A Constant Rate Quantum Computer on a Line
Craig Gidney, Thiago Bergamaschi
TL;DR
This paper demonstrates a fault-tolerant quantum computer on a line of qubits with a high coding rate and low overhead, challenging previous bounds on spatial density for stabilizer codes.
Contribution
It constructs a linear, fault-tolerant quantum computer with a coding rate above 5% and quasi-polylogarithmic time overhead, proving the Bravyi-Poulin-Terhal bound does not extend to stabilizer circuits.
Findings
Achieves a coding rate above 5% on a linear qubit array.
Proves the existence of a threshold for the constructed quantum computer.
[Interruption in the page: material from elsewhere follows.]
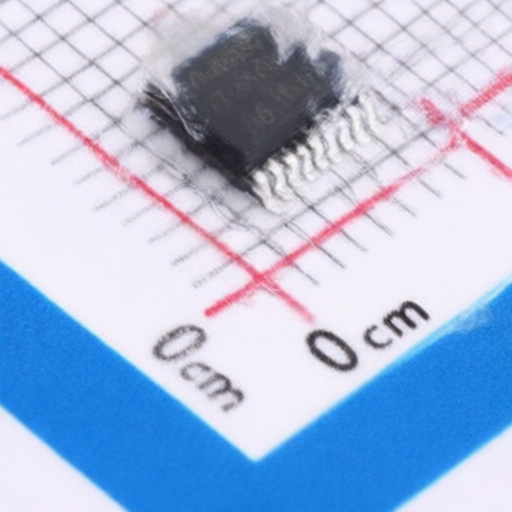 DIODES AM4967GSTR-G1 for sale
Shows the bound on spatial density does not apply to stabilizer circuits.
Abstract
We prove by construction that the Bravyi-Poulin-Terhal bound on the spatial density of stabilizer codes does not generalize to stabilizer circuits. To do so, we construct a fault tolerant quantum computer with a coding rate above 5% and quasi-polylog time overhead, out of a line of qubits with nearest-neighbor connectivity, and prove it has a threshold. The construction is based on modifications to the tower of Hamming codes of Yamasaki and Koashi (Nature Physics, 2024), with operators measured using a variant of Shor's measurement gadget.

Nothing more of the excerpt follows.